Leading by Questioning

The art of questioning is to ignite innovative thinking; the science of questioning is to frame Systems thinking, with the progressive pursuit of better solutions.

We’ve been living in such a dynamic world, change is the only constant, actually even change itself has been changed and expedited. There is information abundant and even overloading, but problems solving does not become easier, but turns to be harder. And first things first, you should ask yourself: Do you frame the right questions before answering them right. It takes courage and humility to ask, because you have to break down the status quo and break through the conventional wisdom, to keep informative and inquisitive, always to challenge and ensure that the question itself is corrected before answering…

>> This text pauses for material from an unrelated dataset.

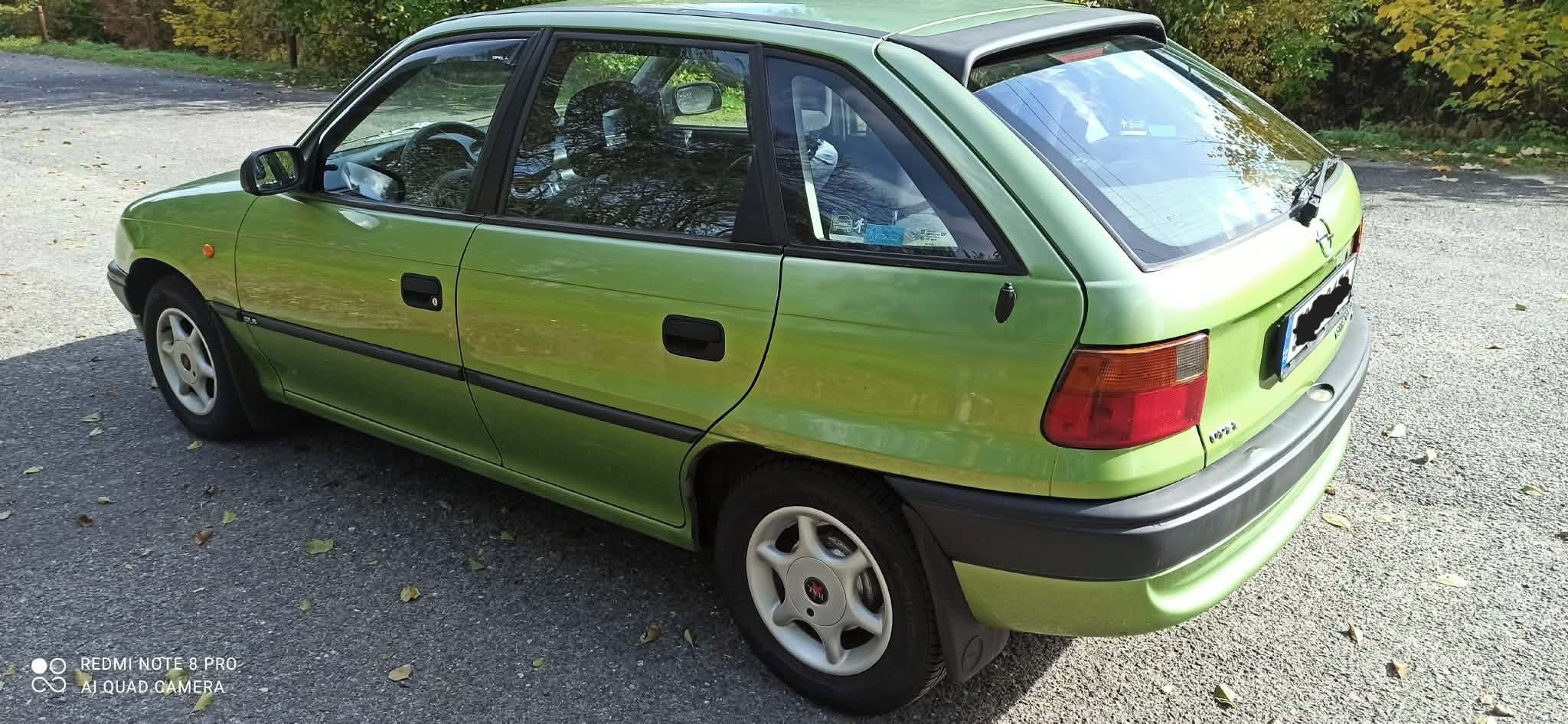 Opel Astra, OPEL Astra  F Classic GLS 5DR - fotka 4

Asking the right questions helps validate how thorough and deep your team's thinking is on a particular issue: it can also assess whether they consider various different perspectives. It's always about the questions, particularly to get your team to come up with their own answers to solve a problem or address an issue. By doing so, you've led them to easily buy-in on the direction to follow. The leader simply coaches the team along the way, including asking more questions as necessary.


Asking questions is a nonoffending way of making the point not only understanding the point of view of another side. It can be used in multiple social interactions. The key point is to use the right questions to slow down the analysis and decision-making processes sufficiently to acquire all the necessary information to make a correct decision. There is a strategic value of understanding businesses and being able to ask the open-ended questions that evoke a response to enlighten or illustrate a specific issue or topic. If you do not understand their frame of reference, formulating the questions or understanding the context of the response becomes meaningless. One of the best practices to questioning is to ask Five "Why" to get to the root cause of any matter. It helps to dig in further and discover true causes or needs.


"Asking questions culture and mentality" has to be driven by leadership - In reality, culture eats strategy for breakfast, people follow good leaders or potential leaders, and culture evolves with them, "no such things as bad questions" attitude should be ingrained in a company. If management doesn't demonstrate an honest desire to expand learning through insightful Q&A but instead uses Q&A to reinforce or validate their own position, then their teams will quickly react accordingly - stifling the opportunity to better understand the situation and deliver superior outcomes.


The art of questioning is to ignite innovative thinking, the essential to questioning also stimulates the creative sides of our brains in order to find answers. The science of questioning is about asking the right question at the right time to the right person for the right information, it is also based on the art of listening, it’s the attitude, the trust, it’s the soft science of communication embedded with hard science of problem-solving capability. The science of questions is also about fact finding, the analysis, the structured thinking, the objective evaluation and comparison, the progressive pursuit of better solutions, it’s human’s cognitive improvement.

1 comments:

Great article Pearl!

Regarding the comment, "One of the best practices to questioning is to ask Five "Why" to get to the root cause of any matter. It helps to dig in further and discover true causes or needs,"

I would agree but add that you are careful in expecting the "why" answer to be vision driven. Asking why gets to the reason your client gets up in the morning and works their tail off. If you are asking "why" to get to an objective answer you might miss the mark in getting the answer you're looking for.

I might suggest you've done your homework and are prepared to ask the what, where, when, and how's of the business ("What about your business makes you unique in this space? How do you prepare when bringing a product/service to market?"). This will most likely lead to objective answers that most often answer the "why", create an intelligent interaction, and give you the data needed to provide solutions to their problems.